Spare Spoons Kitchen
A free-form tart that plays to firm fruit — the slices stay distinct and just barely soften in the oven. No pie dish, very forgiving.
The number-one galette failure is a soggy bottom from too much juice. Macerate the fruit, then lift it out with a slotted spoon and leave the pooled liquid behind. The cornstarch sets whatever juice clings to the slices.
Firm fruit is an advantage — it sheds less liquid than soft fruit would. Slice it a touch thinner (about ¼ inch) so it cooks through in the open center.
Keep everything cold for a flaky crust — dough, butter, even the bowl. If the kitchen is warm, chill the shaped galette 15 minutes before it bakes.
The roll-out size and number of rounds update with the slice count, holding the crust at about ⅛ inch: it stays a single galette through 9 slices, then splits into two so no round outgrows a half-sheet pan.

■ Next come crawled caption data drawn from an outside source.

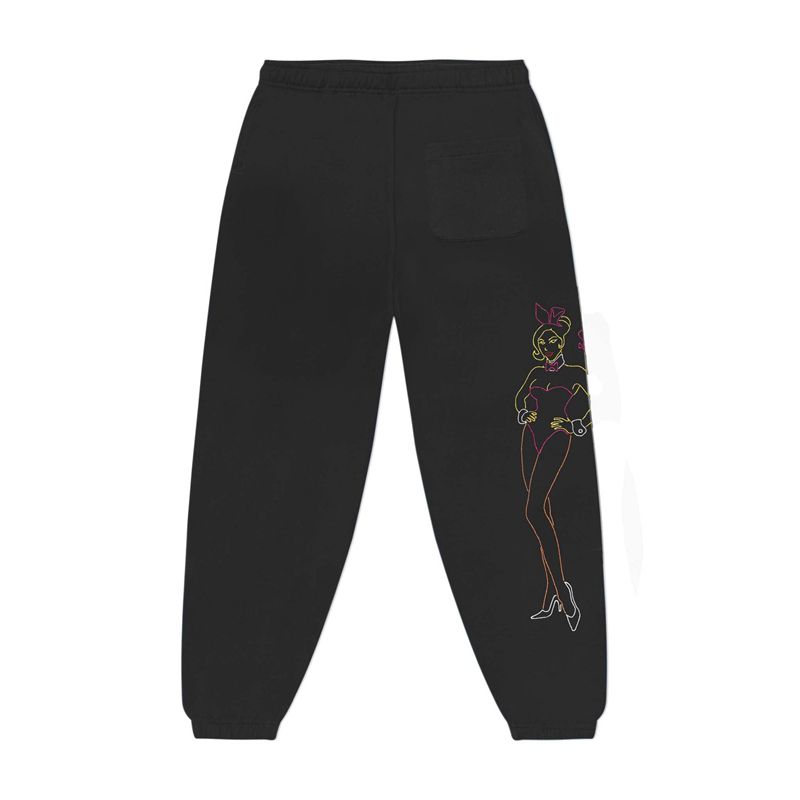 Pantaloni De Trening Barbati Playboy Bunny Outline Negrii | FZPT-48973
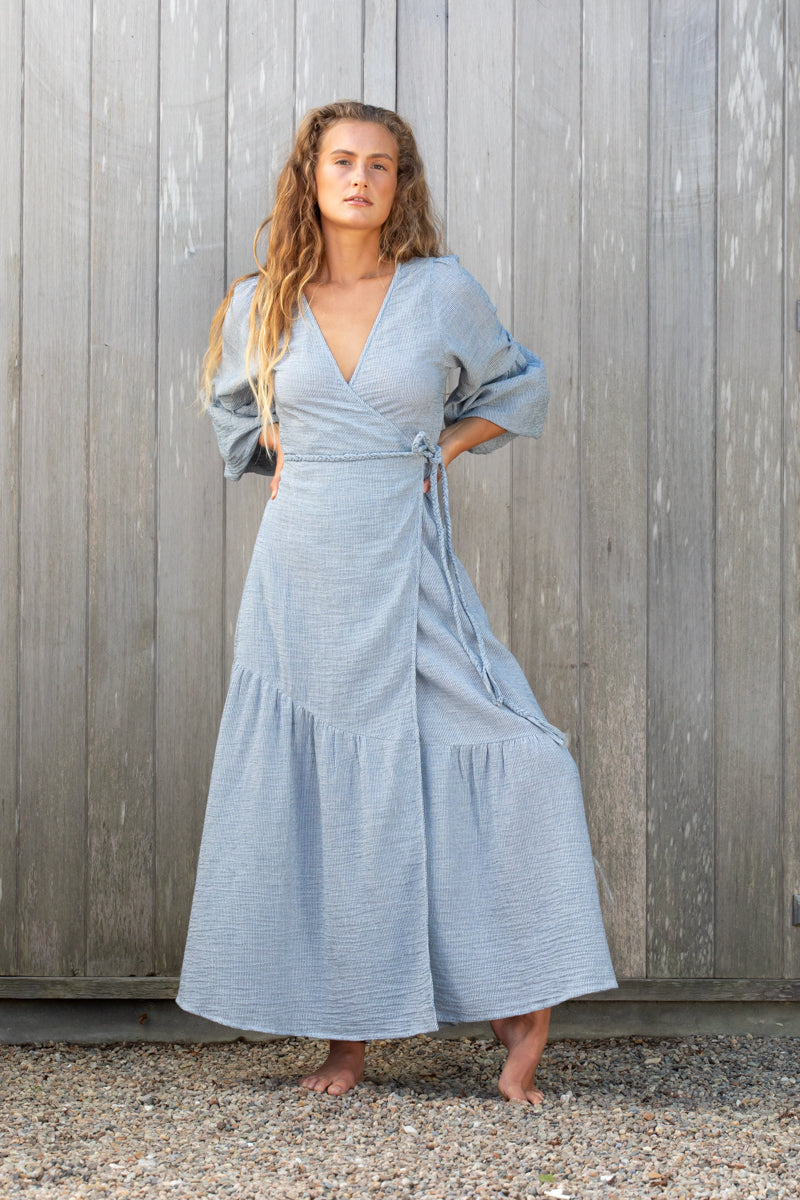 New Melanie Dress in Woven Pinstripe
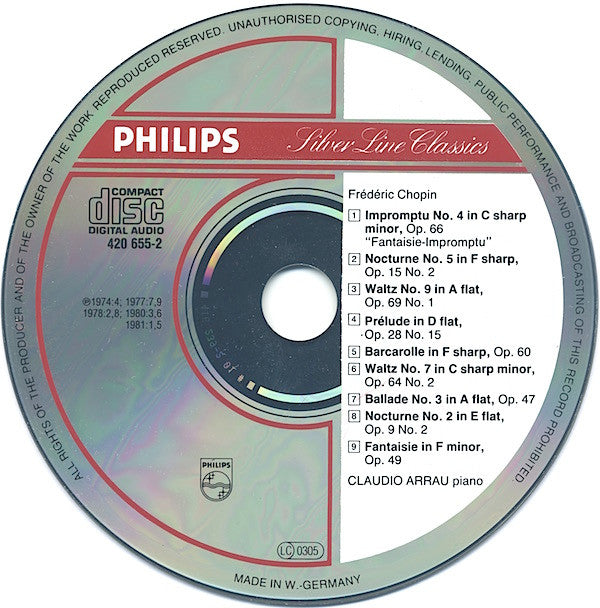 Frédéric Chopin - Claudio Arrau : Fantaisie-Impromptu / Ballade No. 3 / Barcarolle / 2 Nocturnes / 2 Waltzes And Other Works (CD, Comp)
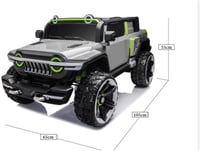 سيارة كهربائية للركوب بمقعدين - رمادي/أخضر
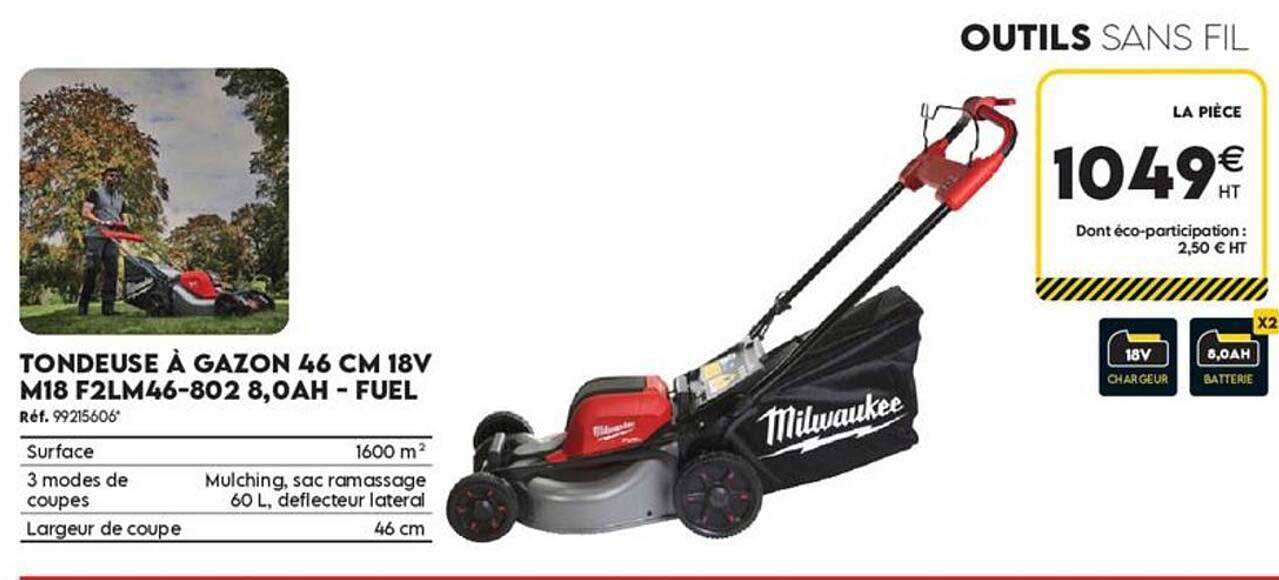 TONDEUSE À GAZON 46 CM 18V M18 F2LM46-802 8,0AH - FUEL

Don't rush the cool. The juices are liquid straight from the oven and need the rest to set into something sliceable. A spoonful of the reserved macerating juice, reduced in a small pan, makes a fine glaze if you skip the jam.
Vegan / dairy-free: use cold vegan butter (a block, not a soft spread) in the dough, kept cold; brush the crust with plant milk + a little maple syrup (or aquafaba) instead of egg wash for browning. The fruit filling is already vegan.
Gluten-free: a 1:1 GF pastry blend (one with xanthan). Chill well and handle gently — GF dough is more fragile and less forgiving of rerolling.